##### The data #####

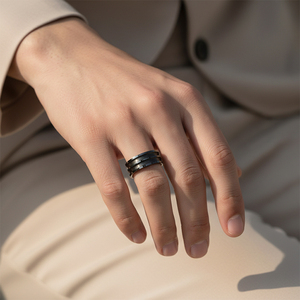 Vente en gros usine : Bague de <span class=keywords><strong>mariage</strong></span> en carbure de tungstène 8 mm, style <span class=keywords><strong>bohème</strong></span>, à double canal, avec base vierge pour incrustation, pour femmes et hommes - Product Image 4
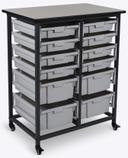 Luxor Gray Double Row Mobile Bin Storage Unit with Large and Small Gray Bins, 30.75 x 20 x 37.5 inch Height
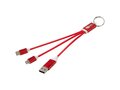 Metal 4-in-1 recycled aluminium charging cable with keychain 1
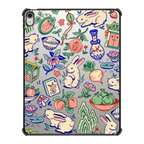 Rabbit Garden by Georgina Leung | iPad Air 13-inch (M2 - M4) / iPad Impact Case / Black | Image 1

#####

Action item =
Retype the whole listing above exactly as written. Skip the pictures.

Solution below =
 Vente en gros usine : Bague de <span class=keywords><strong>mariage</strong></span> en carbure de tungstène 8 mm, style <span class=keywords><strong>bohème</strong></span>, à double canal, avec base vierge pour incrustation, pour femmes et hommes - Product Image 4
 Luxor Gray Double Row Mobile Bin Storage Unit with Large and Small Gray Bins, 30.75 x 20 x 37.5 inch Height
 Metal 4-in-1 recycled aluminium charging cable with keychain 1
 Rabbit Garden by Georgina Leung | iPad Air 13-inch (M2 - M4) / iPad Impact Case / Black | Image 1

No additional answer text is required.